Call 2: open + wait 2000 + snapshot
  → Full snapshot of Python page.
  Agent manually scans for infobox.

Call 3: click + wait 2000 + snapshot
  → Click link. Wait for load.
  Take full snapshot of new page.

Call 4: get url
  → Verify navigation succeeded.

Call 5: find text "Python Software
  Foundation" click + wait + get url
  → Retry click with text match.

Call 6: eval document.querySelector
  → DOM query to extract link URL.

Call 7: open + wait 2000 + snapshot
  → Navigate to PSF page. Full
  snapshot. Manual scan. Done.

AXI’s --query flag turns every command into a filtered view. open --query "stable release developer" returns only the matching lines from the snapshot instead of the full Wikipedia page. click @id --query "founded formed" clicks the link and searches the resulting page in one step. The agent-browser condition has no equivalent — every action requires a separate wait + snapshot cycle, plus verification steps (get url, eval) to confirm the action worked. This is Principle 9 (contextual disclosure): the tool returns targeted, relevant output after each action instead of dumping the full page state.

Limitations

Caveats.

Public websites only. All tasks target public sites (Wikipedia, GitHub, example.com). Results may vary on authenticated or dynamic web applications.
Single agent model. Only Claude Sonnet 4.6 is evaluated. Other models may exhibit different sensitivities to output format.
Read-only tasks. The benchmark includes only read and navigation operations. Form submissions and complex interactions introduce additional challenges.
LLM judge. Task success is determined by an LLM judge, which may introduce scoring biases.
Domain-specific implementation. While the AXI principles are domain-general, this evaluation focuses on browser automation. The GitHub benchmark provides cross-domain validation.

Implication

The answer is [principled design], not protocol choice.

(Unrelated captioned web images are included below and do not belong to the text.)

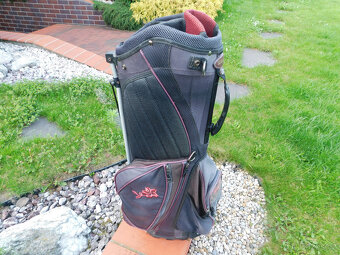 Golfový bag - 2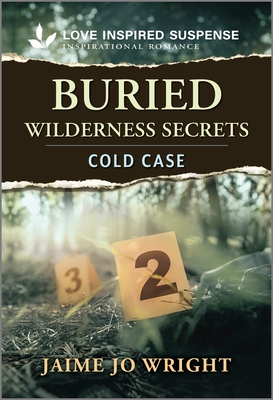Buried Wilderness Secrets (Original)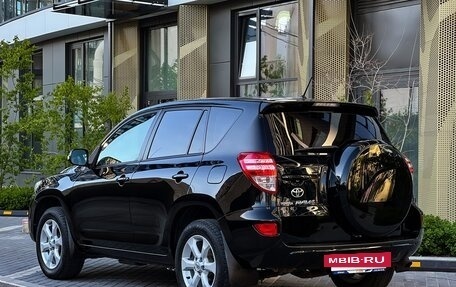 Toyota RAV4, 2010 год, 1 250 000 рублей, 4 фотография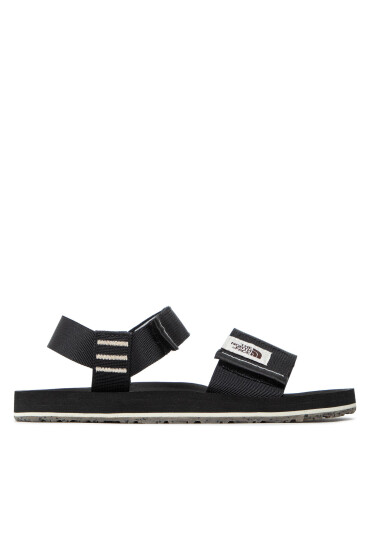 The North Face Сандали Skeena Sandal NF0A46BFLQ6 Черен - Mera.bg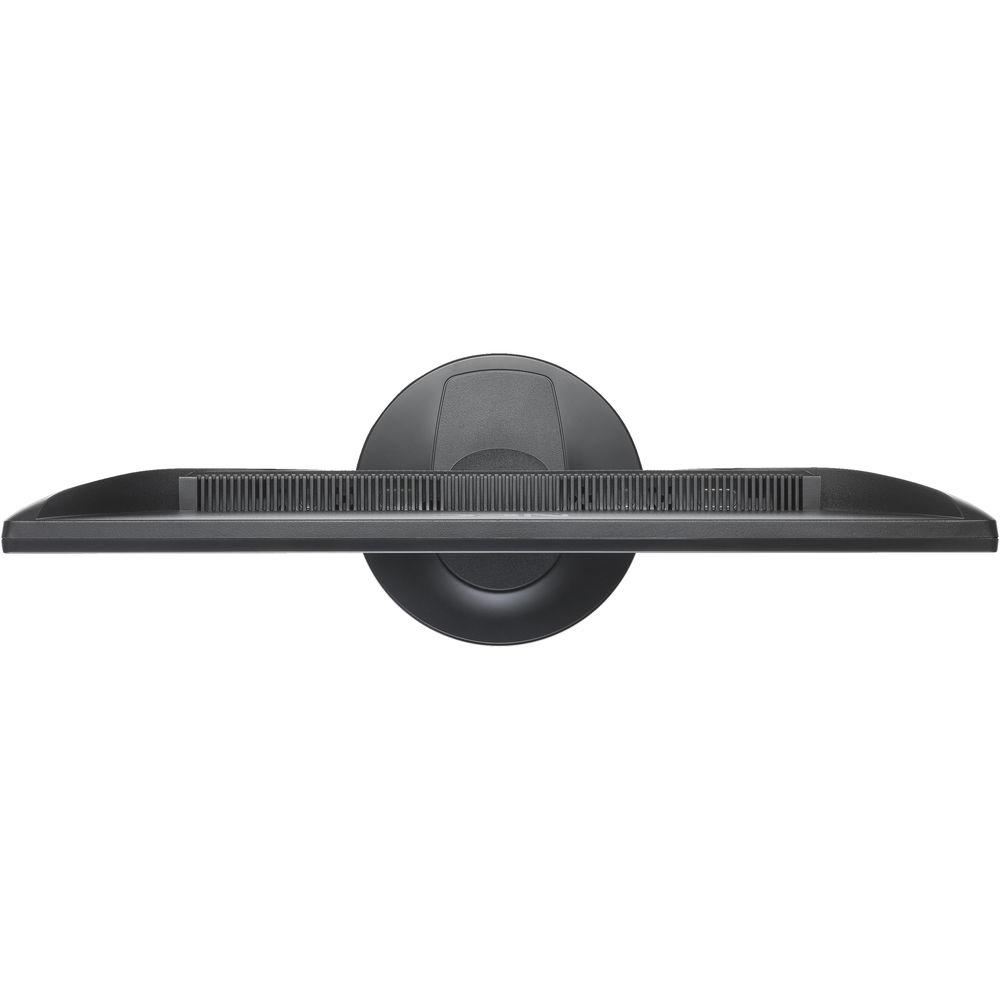 NEC AS242W-BK 24" Widescreen LED Backlit LCD Monitor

The debate between CLI and MCP as agent-tool interfaces misses the deeper question: what design principles make any interface effective for agents? This evaluation shows that a principled CLI design (AXI) leads both raw CLI and MCP on every metric — success, cost, duration, and turns.

In browser automation, AXI achieves 100% reliability at $0.074/task and 4.5 turns, compared to $0.088 and 4.8 turns for raw CLI and $0.100 and 6.2 turns for MCP. The primary mechanism is specialized commands: AXI’s tables --url reduces extraction tasks to a single 2-turn interaction, while combined operations (open, click --query) eliminate the separate snapshot calls that MCP conditions require. Shell composability (| grep, | tail) keeps per-turn token volume compact.

A separate GitHub benchmark validates the same pattern: AXI at 100% success and $0.050/task vs. 86% and $0.054 for CLI, and 82–87% and $0.101–$0.148 for MCP. The 10 AXI principles provide a concrete, testable framework for designing agent-ergonomic interfaces that are both reliable and cost-efficient.